**Exercise description**
Using the material below, return exactly the lines between the one holding "And that's it." and the one holding "This new page", inclusive, and no others.
##### Given data #####
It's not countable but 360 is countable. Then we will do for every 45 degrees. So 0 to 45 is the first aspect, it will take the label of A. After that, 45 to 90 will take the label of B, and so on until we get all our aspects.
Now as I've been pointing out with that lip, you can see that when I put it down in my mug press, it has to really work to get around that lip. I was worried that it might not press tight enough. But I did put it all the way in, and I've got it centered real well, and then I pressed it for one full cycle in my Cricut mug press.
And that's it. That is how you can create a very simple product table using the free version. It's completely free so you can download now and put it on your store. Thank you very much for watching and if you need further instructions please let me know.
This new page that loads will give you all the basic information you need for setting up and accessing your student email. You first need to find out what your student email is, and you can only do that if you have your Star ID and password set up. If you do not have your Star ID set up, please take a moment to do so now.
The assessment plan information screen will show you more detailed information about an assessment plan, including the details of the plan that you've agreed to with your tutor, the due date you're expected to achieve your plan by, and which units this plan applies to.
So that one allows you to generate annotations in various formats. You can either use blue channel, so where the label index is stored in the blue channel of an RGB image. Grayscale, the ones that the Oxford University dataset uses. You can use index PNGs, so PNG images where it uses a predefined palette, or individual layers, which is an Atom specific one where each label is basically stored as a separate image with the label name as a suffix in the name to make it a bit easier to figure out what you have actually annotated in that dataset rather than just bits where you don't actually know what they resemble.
#####
##### Given data #####
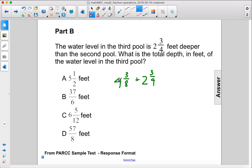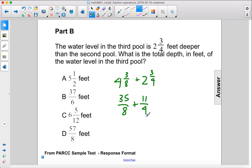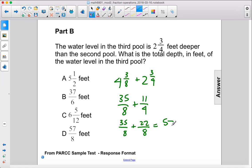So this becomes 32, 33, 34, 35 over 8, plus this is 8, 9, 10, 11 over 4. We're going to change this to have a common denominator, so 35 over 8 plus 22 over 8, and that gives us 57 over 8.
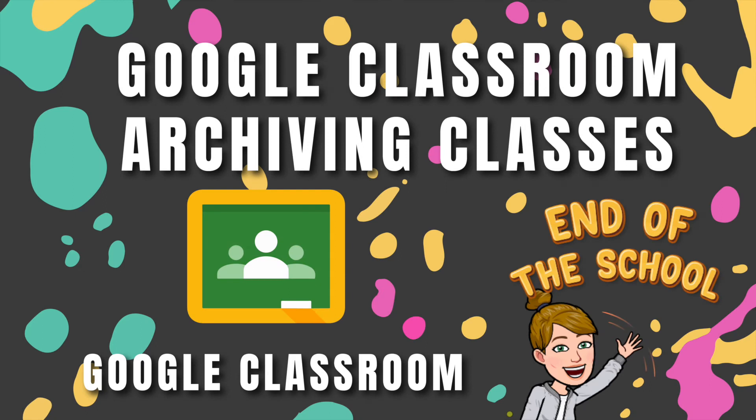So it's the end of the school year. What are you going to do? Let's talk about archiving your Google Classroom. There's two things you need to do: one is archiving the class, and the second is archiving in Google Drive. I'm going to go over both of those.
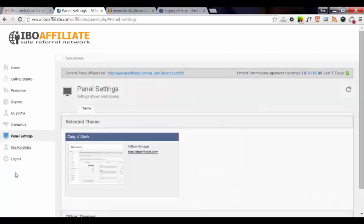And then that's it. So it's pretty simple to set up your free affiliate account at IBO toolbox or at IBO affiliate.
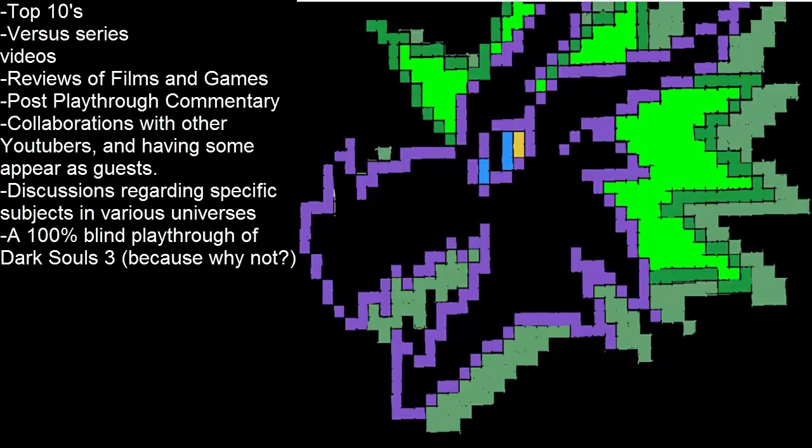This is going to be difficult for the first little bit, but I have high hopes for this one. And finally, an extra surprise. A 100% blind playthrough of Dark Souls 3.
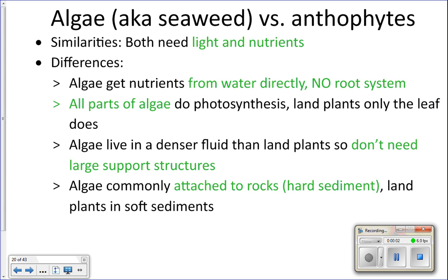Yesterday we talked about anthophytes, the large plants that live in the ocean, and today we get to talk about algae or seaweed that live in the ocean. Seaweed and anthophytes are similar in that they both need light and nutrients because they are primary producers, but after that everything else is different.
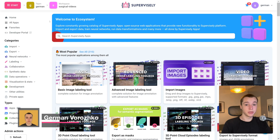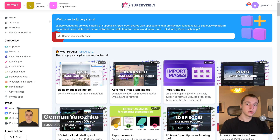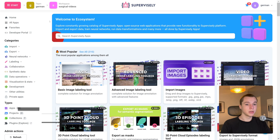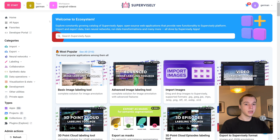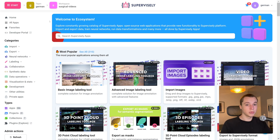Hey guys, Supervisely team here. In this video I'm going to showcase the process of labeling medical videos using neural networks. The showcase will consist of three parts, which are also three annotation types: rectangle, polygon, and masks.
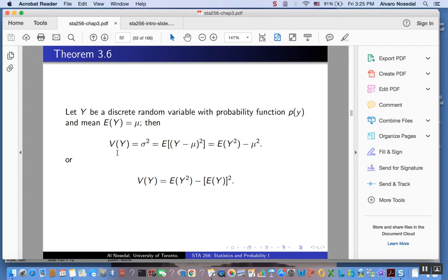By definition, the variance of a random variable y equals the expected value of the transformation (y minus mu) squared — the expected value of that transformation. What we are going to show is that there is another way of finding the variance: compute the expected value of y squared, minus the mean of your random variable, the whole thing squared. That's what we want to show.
#####
**Written reply**
And that's it. That is how you can create a very simple product table using the free version. It's completely free so you can download now and put it on your store. Thank you very much for watching and if you need further instructions please let me know.
This new page that loads will give you all the basic information you need for setting up and accessing your student email. You first need to find out what your student email is, and you can only do that if you have your Star ID and password set up. If you do not have your Star ID set up, please take a moment to do so now.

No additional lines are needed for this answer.